Even after reading Macintyre’s yarn, however, it is still unclear how he managed to evade detection for so long, though as Philip Hensher in The Spectator rightly says, a combination of stupidity, snobbery and the old-boy network played its part.

What is also unclear is why he did it. Of course, he was not the only one.

Philby was closely associated with those other inglorious traitors Guy Burgess and Donald Maclean, who accepted Moscow’s shilling.

One of the most fascinating aspects of the book is Philby’s intense friendship with Nicholas Elliott, a senior figure in the service.

Both were from similar backgrounds and the sense of betrayal which Elliott must have felt when the truth emerged was huge, though even then, having made a prize fool of him, he afforded him a degree of protection.

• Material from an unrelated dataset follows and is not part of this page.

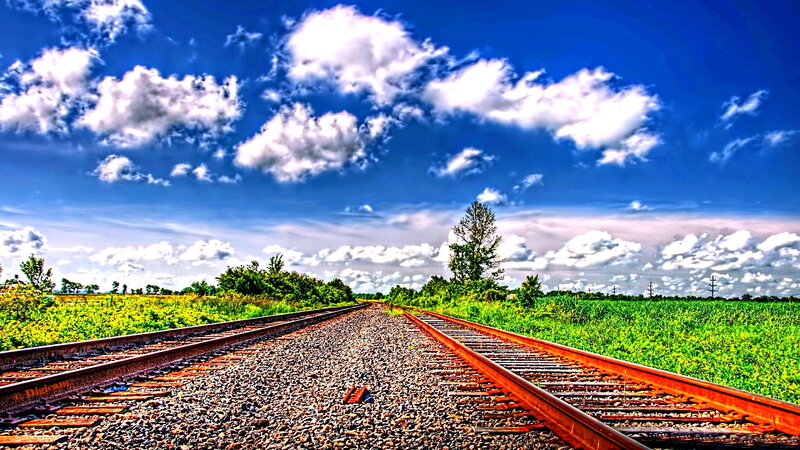 Railroad Tracks in Field — Blue, Dramatic, Afternoon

He went out to Beirut to interrogate him but, astonishingly, Philby was allowed to escape, as Burgess and Maclean were before him.

Although Philby had passed a massive amount of key security information to our enemies, caused grievous harm to our relationship with the American security services and ruined a number of major operations, the fact remained that he was “one of us”.

When John le Carré asked him years later about having him killed, Elliott, was aghast. “My dear chap. One of us.”

As Hensher points out in his review, ‘The right sort of chap’ “social connections consistently trumped any secure procedures.”

This is an interrogation of Elliott by a local head of security in Istanbul. ‘Does your wife know what you do?’ ‘Yes’.

‘How did that come about?’

‘She was my secretary for two years and I think the penny must have dropped.’

‘Quite so. What about your mother?’

‘She thinks I’m in something called SIS, which she believes stands for the Secret Intelligence Service.’

‘Good God! How did she come to know that?’

‘A member of the War Cabinet told her at a cocktail party.’

‘Then what about your father?

‘He thinks I’m a spy.’

‘Why should he think you’re a spy?’

‘Because the Chief told him in the bar at White’s’ (London’s poshest club).

As someone once said, you really could not make it up.

There are countless bizarre aspects to this tale.

Philby was quintessentially the English gentleman who enjoyed thick cut Oxford marmalade, tailored suits, and who, at the height of his treachery, was concerned about how to get his sons into good schools.

Initially the Russians were so amazed at his duplicity they had major doubts and suspected a double cross.

Sadly it was not to be and many brave men were tortured and executed.

A little-known side to our great wartime leader Sir Winston Churchill was revealed this week.

Despite his often bellicose nature he had a gentle, even sentimental, side and this was displayed in his love for his marmalade cat, Jock.

It was given to him for his 88th birthday in 1962 and was named Jock after one of his private secretaries, Sir John ‘Jock’ Colville who gave him the pet.

Churchill was so fond of Jock it was said that he would not start meals until he was at the table.

Before his death he insisted there should always be a marmalade cat with a white bib and four white socks resident at his country estate, Chartwell, Kent, bequeathed to the National Trust. Now Chartwell has a new Jock – Jock VI, a seven-month-old rescue kitten.

What a nonsense British political life is!

Poor Roy Jenkins, the son of a miner who went on to achieve some of the highest offices in the land, is damned for eternity because of his love of good claret.

Only in Britain could people be actually criticised for knowing their Burgundies from their Bordeaux.

He had such a good nose for red wine he could tell what year it was from by only taking a single sip according to a brilliant new biography by John Campbell – Roy Jenkins: A Well-Rounded Life.

Yet for some of his detractors his love of the good life permanently disqualified him from being a good socialist. But it was the unlikely figure of Gary Kemp, pop star and actor, who rightly said improving their lot was a legitimate aspiration of the working class.